Hunter acabou me chamando para trabalhar na academia dele, alegando que eu era muito boa, e me daria muito bem no ramo, mas eu não tinha certeza quanto a isso. Era muito impaciente, acabaria sendo mais rude do que o necessário. Na certa, seria demissão na segunda semana. No máximo.

Estive desde os dezoito anos no exército americano, e aos vinte e três fui afastada depois de um atentado contra o nosso grupo na Síria, onde sofri tortura (o joelho fodido era justamente por causa dessa missão). Me adaptar à nova vida não estava fácil, mas a minha avó dizia que a gente precisava passar por perrengues para amadurecer, e se Gianinna Castiglione dizia isso, não seria eu a dizer o contrário.

— Você já conseguiu o que queria, Leona. Não precisa mais fazer isso.

Lancei-lhe um olhar cético, e ele suspirou exasperado, sabendo perfeitamente que não adiantava insistir no assunto.

— Eu já disse que não vou mais lutar, X. E essa conversa acabou. — ajeitei a mochila nos ombros, girando os calcanhares e saindo da academia, ouvindo resmungos do treinador.

Agarrei o capacete da moto que consegui comprar com a grana que sobrou das lutas, subindo na minha bebê em seguida. Fiquei parada por um instante, respirando fundo. Eu estava completamente sem rumo. Desempregada e fodida fisicamente. Minha avó, a mulher que criou a mim e às minhas irmãs, tivera um AVC no último ano, e mesmo que alegasse estar bem, não queria pedir ajuda a ela.
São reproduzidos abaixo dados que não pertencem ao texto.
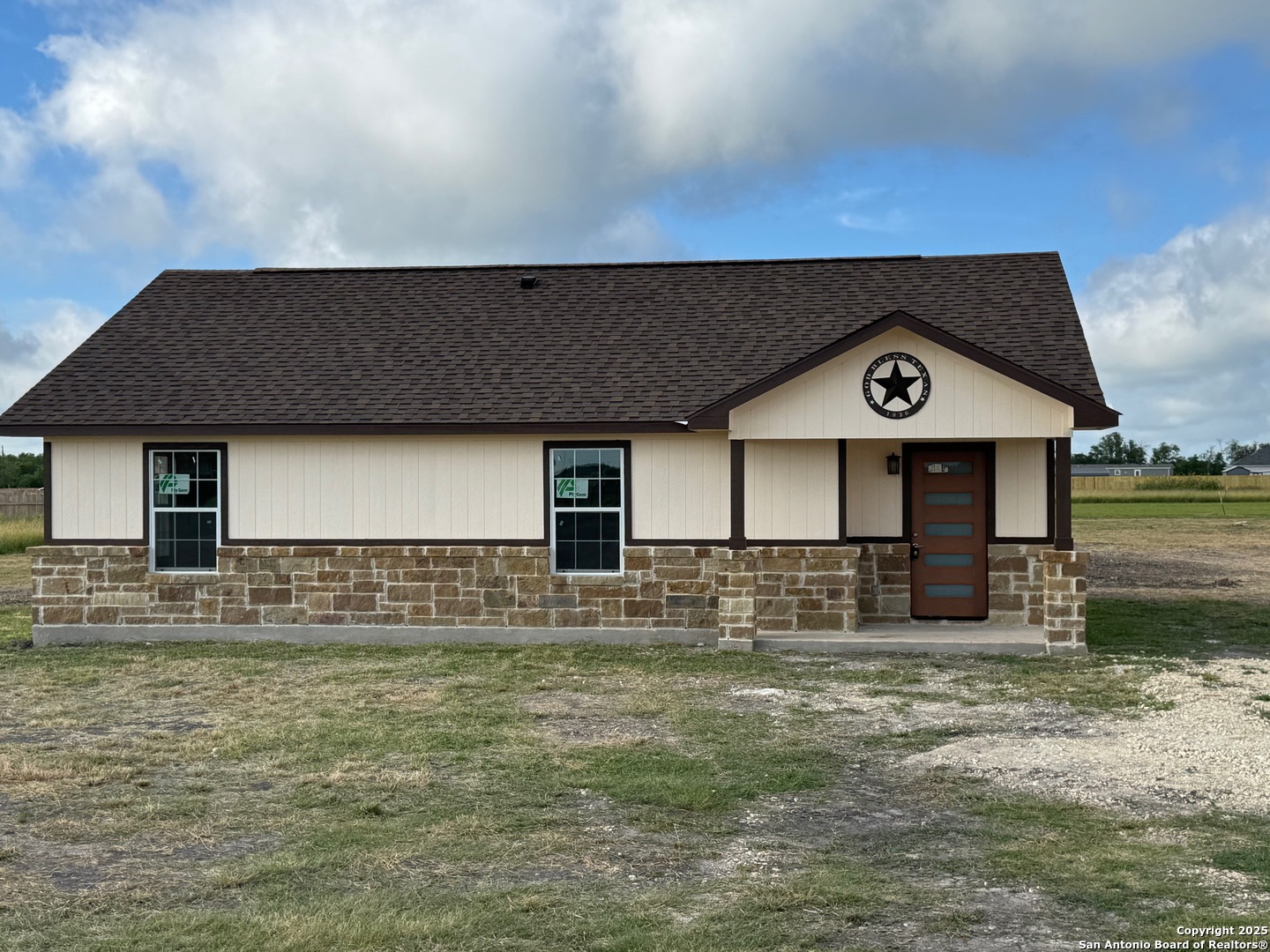 450 County Road 679, Natalia, TX 78059 — photo 1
A coitada já teve muita dor de cabeça conosco, e merecia um descanso. Chiara, minha irmã mais velha, estava formando a própria família com o seu noivo e a enteada que morava com eles depois de ter sido comprovado que a mãe da garota não estava apta para cuidar de uma criança de sete anos. E Rox, irmã do meio, tinha a vida dela no meio da dança. Sem contar que a cabeça dela era louca, não dava para confiar.
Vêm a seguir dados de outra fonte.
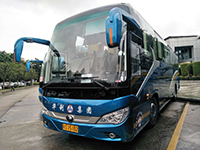 50座大巴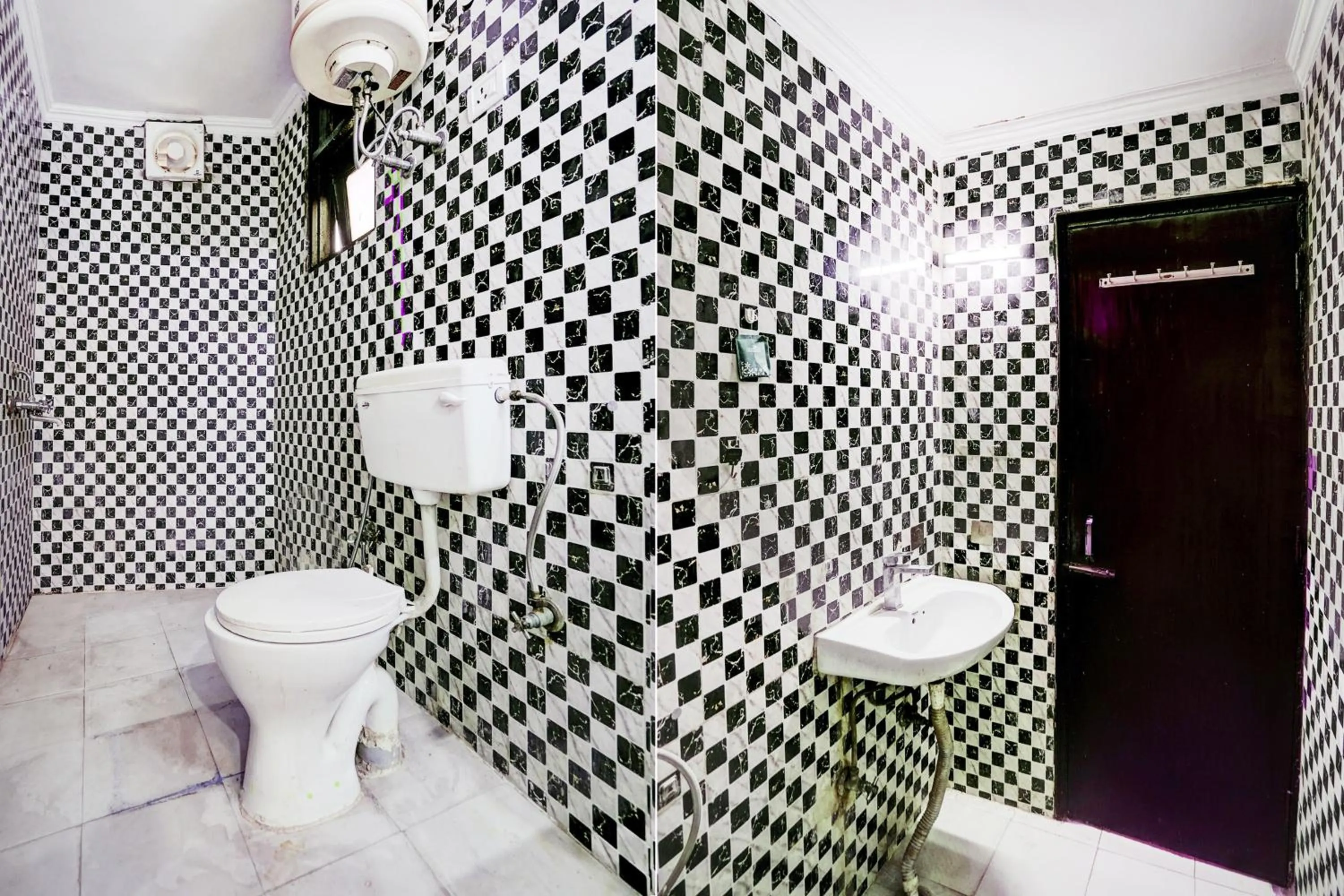 Bathroom in Hotel O Silver Key KD plaza Near Saket Metro station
Liguei a moto, mas não dei partida, pensando no que faria da vida. Eu gostava da adrenalina. Saindo do exército, me enfiei nas lutas clandestinas como uma forma de ganhar dinheiro fácil e sair da monotonia. Deu certo até minhas irmãs descobrirem. De alguma forma, elas conseguiram me convencer a parar com isso, e eu senti a necessidade de ceder um pouco por elas. Eram as únicas pessoas que importavam para mim, então... Por que não?

Ouvi meu celular tocar e desliguei a moto, tirando o acessório da mochila, franzindo o cenho ao reconhecer o número do general Boorman.

— Alô.

— Leona, como está? — a voz grave do general me deixou nostálgica. Por mais que tenha entrado no exército pelos motivos errados, sentia saudades de lá, e da carreira que estava construindo.

— Bem. E o senhor? — tentei soar desinteressada, porque Zachary nunca ligava. Nunca!

— Levando. As coisas não são a mesma coisa sem você. — ouvi um suspiro pesado. — Como está a sua recuperação?

— Ah... — que recuperação? Saí do exército, mas continuo me metendo em briga. — Bem. Meu joelho está bem melhor. — dei tapinhas no joelho esquerdo, fazendo uma careta ao senti-lo latejar. — Quase não sinto mais dor.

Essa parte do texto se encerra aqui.